IV-tuning: Parameter-Efficient Transfer Learning for Infrared-Visible Tasks

The Big Problem: The "Over-Enthusiastic Student"

Imagine you have a brilliant student (a Pre-trained Visual Model, or PVM) who has studied millions of photos of cats, dogs, and cars in daylight. This student is a genius at recognizing things in the sun.

Now, you want this student to learn a new skill: seeing in the dark using infrared cameras (which see heat) and seeing through fog.

The Old Way (Full Fine-Tuning):
In the past, researchers tried to teach this student by forcing them to re-learn everything from scratch using a small set of new "dark and foggy" photos.

The Result: The student gets confused. They memorize the specific fog patterns in the training photos so well that they fail when they see a different kind of fog. They also forget the general knowledge they learned about cats and dogs in the sun.
The Analogy: It's like a chef who memorizes a specific recipe for a cake perfectly but forgets how to bake any cake if the ingredients change slightly. They are "overfitting"—they are too focused on the details of the practice test to pass the real exam.

The New Solution: IV-tuning (The "Smart Guide")

The authors of this paper propose IV-tuning. Instead of making the student re-learn everything, they keep the student's original brain frozen (so they don't forget their general knowledge) and just give them a few specialized notes (called "Prompts") to help them adapt to the new situation.

Think of it like giving a seasoned detective a magnifying glass and a thermal imaging goggles without making them re-learn how to walk or talk.

How It Works: The "Two-Stream" Strategy

The paper realizes that Visible Light (what our eyes see) and Infrared (heat signatures) are very different.

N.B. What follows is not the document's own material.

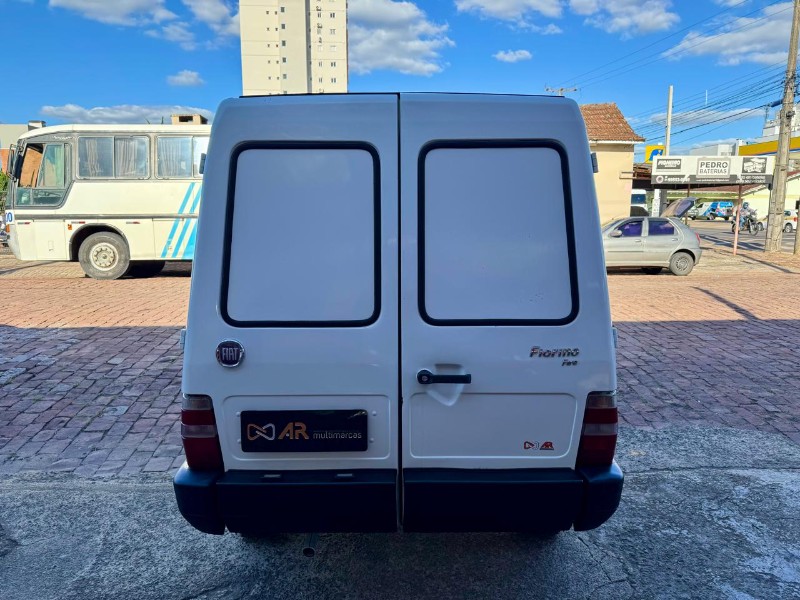 FIAT FIORINO FURGÃO 1.3 MPI 8V FLEX 2012/2013 AR MULTIMARCAS VENÂNCIO AIRES / Carros no Vale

Visible Light is like a high-definition photo: It has lots of sharp edges, textures, and fine details (like the fur on a cat).
- The Strategy: The system uses "convolutions" (complex filters) to sharpen these details, just like a photo editor enhancing a picture.
Infrared is like a heat map: It doesn't have sharp edges; it shows broad, glowing shapes (like a warm blob where a person is standing).
- The Strategy: The system treats this gently. It uses simple linear projections (straight lines) to pass the information through.
- The Analogy: If you try to sharpen a blurry heat map with a high-definition filter, you ruin the image. IV-tuning knows that infrared is "low-frequency" (smooth and broad), so it doesn't try to force sharp edges onto it. It preserves the "glow."

The Secret Sauce: The "Modality-Aware Prompter"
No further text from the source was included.